We took the day Saturday for an excursion to the New York International Auto Show. Perhaps I should refer to it as the auto slow, that might be more accurate. Or perhaps simply pathetic (but on that in a moment). We wanted to check out some new cars, some cars that we would otherwise probably not be able to get close to and to see the Car 2 exhibit. We drove from home to New Haven, CT, where we grabbed a Metro North train into Grand Center Station. From there a quick walk got us to the Javitz Center and the first thing I noticed is that the once great convention center that I had gone to many a Linux World conferences at looked rather long in the tooth. Downright ratty, if I'm honest. In through a makeshift entrance designated with portable chainlink fence and some tents, it was more like entering a refugee camp than a convention center. Inside it was a bit better, but there was evidence of this wear and tear inside as well. Not only was the place pretty rough, but the layout made little sense as well. Nothing was straight forward, to say the least.
Undaunted (since it wasn't the building we were there to see) we made our way to the Car 2 exhibit in the fourth floor galleria. This, I have to say, was dreadfully pathetic. Two static models of Lighting McQueen and Finn McMissle (life size, admittedly) and a TV screen playing the movie trailer. That was it. The two cars were roped off so no one could get close to them too. It was a total letdown. There wasn't even any schwag to be collected or even purchased. Eleven seconds and the exhibit was behind us.
So, we moved on to the real cars. This was slightly better. We managed to check out some of the new Mini models as well as BMW and Jeep; oh, and Porsche. The kids rather liked the 911 Cabriolet. They have good taste, to say the least.

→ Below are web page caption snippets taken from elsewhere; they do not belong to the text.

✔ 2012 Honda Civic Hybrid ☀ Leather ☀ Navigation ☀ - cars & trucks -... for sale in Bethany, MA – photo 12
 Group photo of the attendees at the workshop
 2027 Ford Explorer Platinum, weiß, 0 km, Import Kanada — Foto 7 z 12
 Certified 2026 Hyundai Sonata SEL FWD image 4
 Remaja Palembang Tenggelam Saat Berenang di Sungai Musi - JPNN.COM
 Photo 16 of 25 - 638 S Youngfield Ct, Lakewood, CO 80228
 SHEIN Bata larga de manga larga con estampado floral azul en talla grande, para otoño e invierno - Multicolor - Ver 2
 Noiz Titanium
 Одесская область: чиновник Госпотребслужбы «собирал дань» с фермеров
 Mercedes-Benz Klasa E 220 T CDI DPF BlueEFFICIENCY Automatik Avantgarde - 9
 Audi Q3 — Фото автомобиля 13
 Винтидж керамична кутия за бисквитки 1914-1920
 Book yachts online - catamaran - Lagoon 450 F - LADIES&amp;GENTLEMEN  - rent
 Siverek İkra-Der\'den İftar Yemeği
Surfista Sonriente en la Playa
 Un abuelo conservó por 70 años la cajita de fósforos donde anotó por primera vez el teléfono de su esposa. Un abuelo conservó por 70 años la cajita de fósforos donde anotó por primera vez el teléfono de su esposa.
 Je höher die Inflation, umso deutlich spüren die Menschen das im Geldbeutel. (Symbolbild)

One big plan we had for this trip was to check out the latest models from BMW. We are looking for a new family car; something I can drive comfortably and the kids will still have legroom in the backseat; specifically behind me. After trying a few on for size, we found that the 5-Series GT has plenty of rear seat legroom, lots of room for me to drive comfortably, and a big enough trunk to carry all the luggage we would need for a long weekend trip. The thing I liked the most about it was that the rear seats recline. For those times when the kids fall asleep in the car it would be very nice. None of that Jello neck head bob thing giving them headaches and sore necks when they wake up.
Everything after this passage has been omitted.